Haig, like you’re talking about. I definitely see it. This becomes the design, usability and user-experience and sort of gets pushed in to the infrastructure of business. I think there’s going to be just a growing need to broaden that base of general education. Obviously, that’s still going to be important and more important moving forward.
I just find that a little funny that they’re not that integrated. I think that’s partly education is that they have a specific language that they speak. The creative people are over there, and the coders are over there. One of my goals is to really bridge that gap.
Because of the way education is set up right now, I think it’s hard for us to be able to deliver curriculums in ways that are not more specific. I know some schools are really trying to make education a little bit broader and meet those expectations.
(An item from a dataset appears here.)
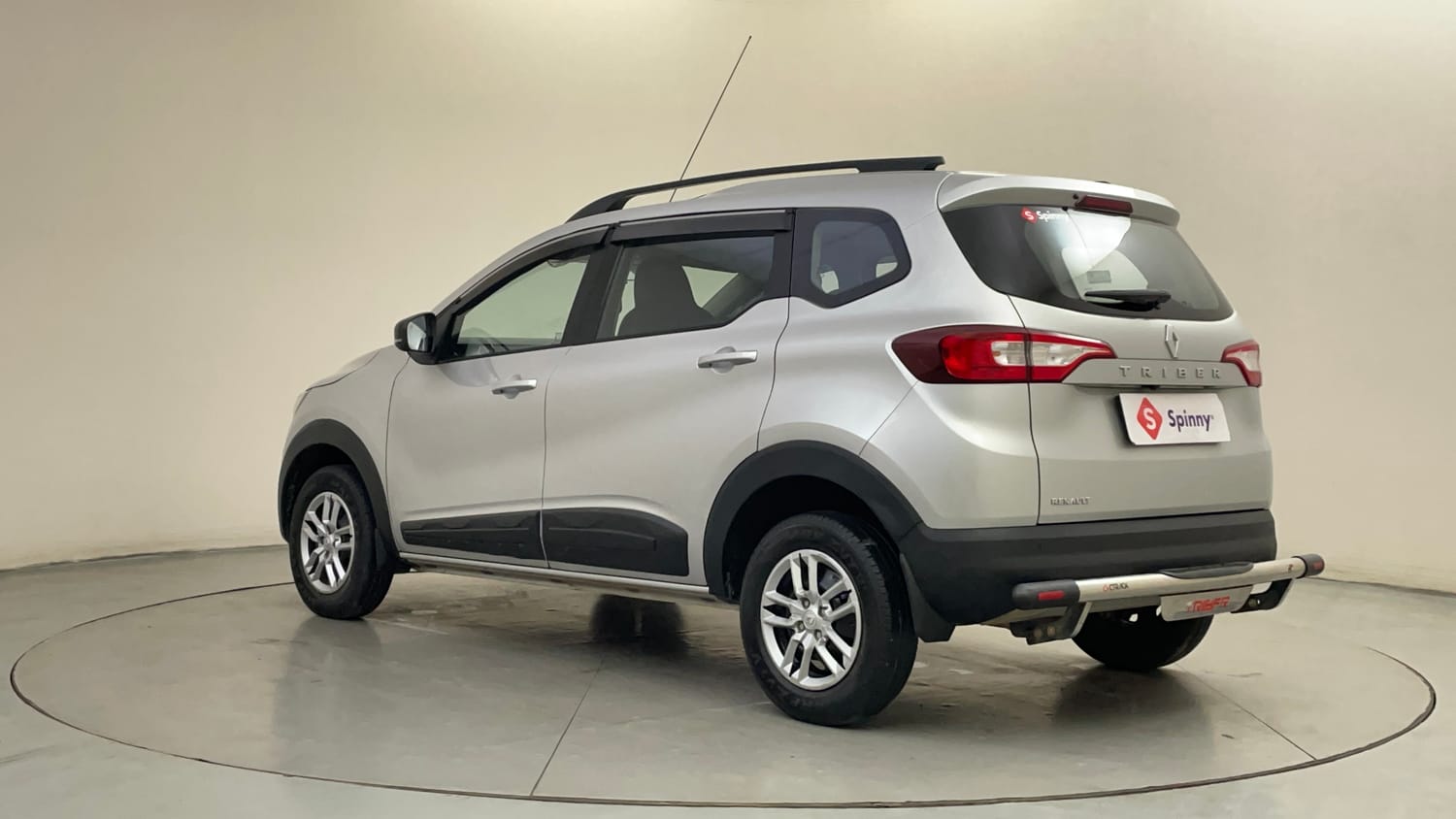 Used 2024 Renault Triber RXT Petrol Manual exterior LEFT REAR CORNER VIEW
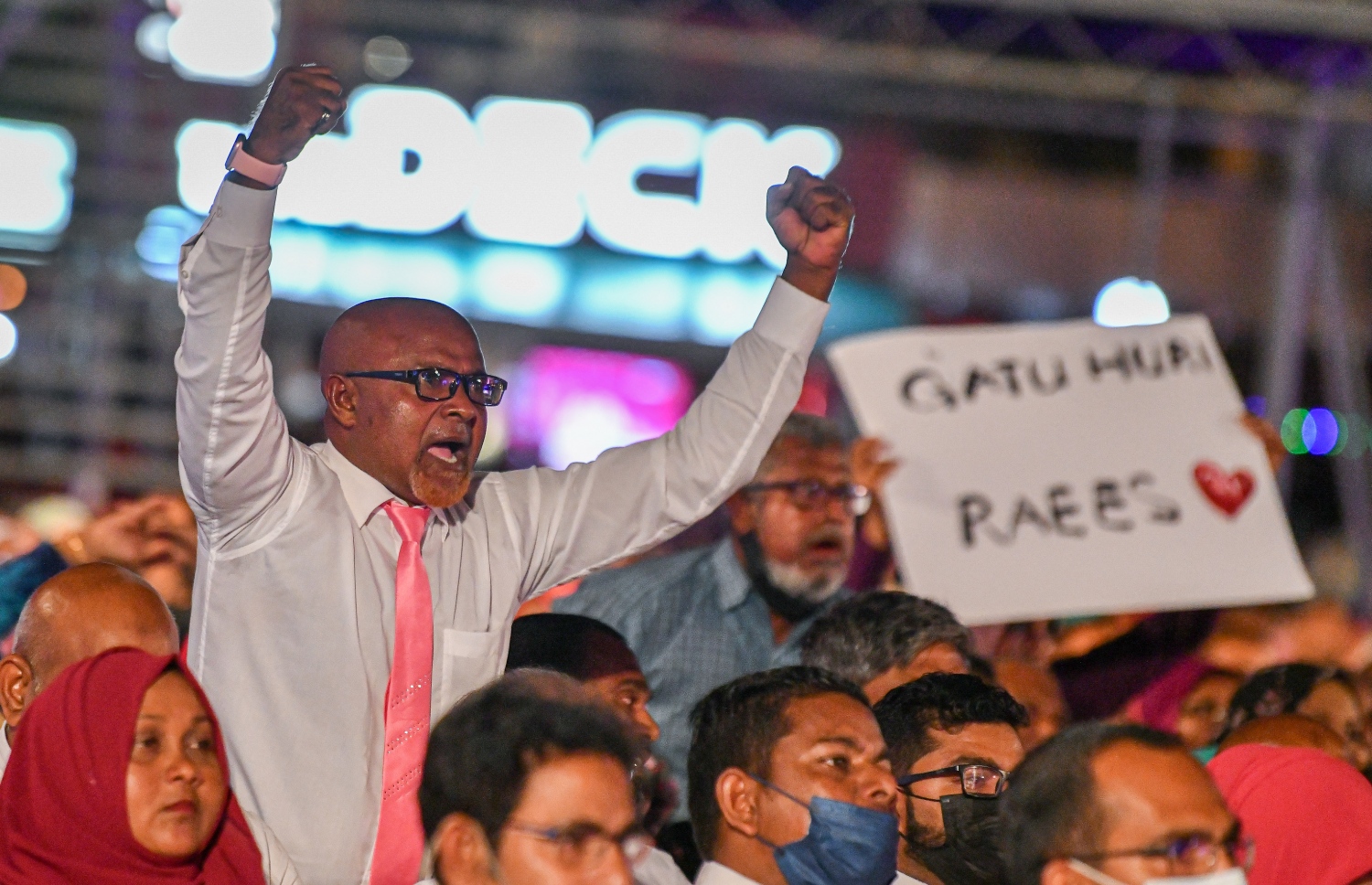 ކުރީގެ ރައީސް އަބްދުﷲ ޔާމީން މިނިވަންވުމާ ގުޅިގެން އިދިކޮޅު ޕީޕީއެމް/ޕީއެންސީން އަލިމަސް ކާނިވަލުގައި ބޭއްވި ޖަލްސާ.-- ފޮޓޯ: ފަޔާޒް މޫސާ / މިހާރު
The other thought that I had about the future of education is that it’s becoming really clear that kind of hierarchic, “I’m the expert in the field and you’re the students; you’re the beginners.” That approach no longer works. The students come to the classroom, it’s not even a classroom anymore, it’s usually just this open space that they come to it with their own expertise and to allow students to … the instructor becomes more of a moderator of ideas.
That’s one of the perspectives that I would love to see more schools being forward thinking about. Right now the closest I’ve seen are like trans-disciplinary design programs where they are still next to existing discipline programs. There’s a host of economic and other accreditation reasons why all that still exists. It’s a big house to have to reorder on the magnitude of healthcare change. We all are familiar with how big that house is to change.
There’s the other thing that I want to see is the future is I want to see more experiments from schools. I want to see more bravery. I love how CIID has … it’s so small. It’s on a cliff, basically, financially in terms of their support and how they work and they’re a tiny little program completely unaccredited, yet they make enough notoriety in the U.S. to make the top 10 list in Business Insider. Not that the list in itself was so important. What was important is that a single-program school like that one made that list. It was the only school like that one. I want to see more experiments like that. I think Jon Kolko’s Austin Center for Design is another example like that. I think we need to see more of those. I hear a grumbling that something is happening in New England soon, but I don’t want to give anything away.
We need to see more of those differences coming to the fore that break the model, not because the model is right, but they’re design prototypes of their own. We need to start prototyping alternatives for formal education to see what can happen and what works and doesn’t work within the structures and institutions that they have to work in. I would like the future to see more of that.
Any final thoughts? It’s been a pleasure talking with both of you.
Beforehand we’ve set up a Google Plus community. If you search for interaction design education under communities, it’s a publicly available. You can subscribe to it. We are going to come January start leading some conversations in that group, in that community, and hopefully we’ll get some good lead up into the summit itself, and then obviously will be reporting back into that. Maybe we’ll even keep the hangouts open and have people join virtually. We haven’t really given it much thought, but people have been requesting who can’t attend in person if there will be a way to Skype in or remote in or something. I don’t see any reason we can’t at different points do that, so we’ll see what happens.